### WHAT TO PRODUCE
Return the listing exactly. Keep no pictures.

### THE DATA
---------------

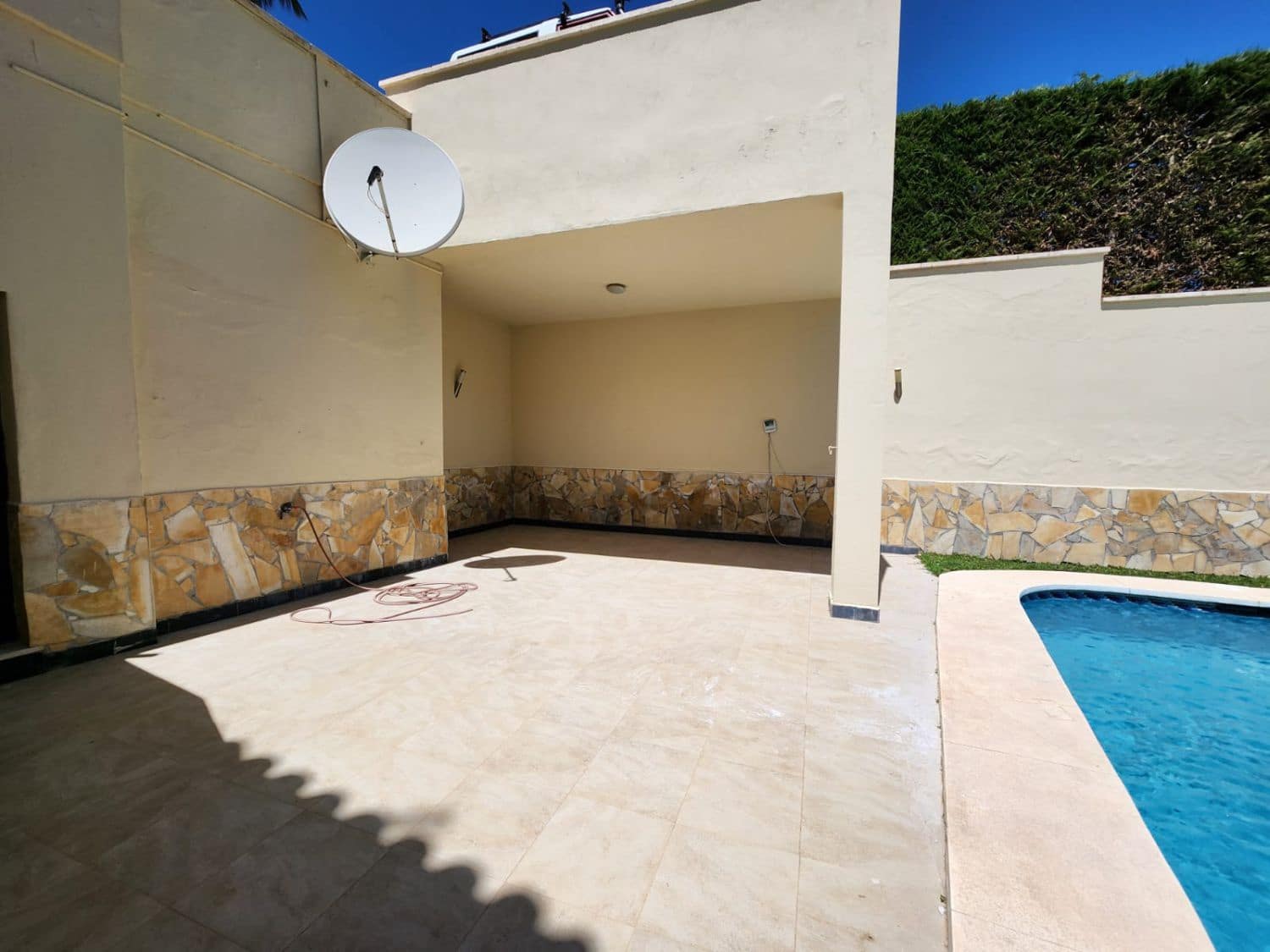 3 soverom Villa til leie i Riviera del Sol med garasje - € 3 600 (Ref: 8960405)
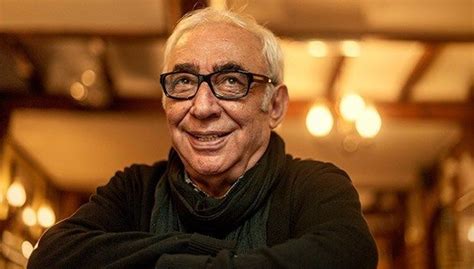 Şener şen babasının ısrarıyla sanat hayatına atılır. Usta oyuncu Şener Şen corona virüse yakalandı (Şener Şen ...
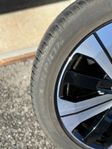 Säljer Volvo originalfälgar med Pirelli året-runt-däck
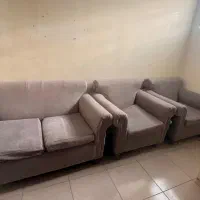 یک ست مبل ۴ نفره و یک تک نفره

---------------

### YOUR SOLUTION
 3 soverom Villa til leie i Riviera del Sol med garasje - € 3 600 (Ref: 8960405)
 Şener şen babasının ısrarıyla sanat hayatına atılır. Usta oyuncu Şener Şen corona virüse yakalandı (Şener Şen ...
 Säljer Volvo originalfälgar med Pirelli året-runt-däck
 یک ست مبل ۴ نفره و یک تک نفره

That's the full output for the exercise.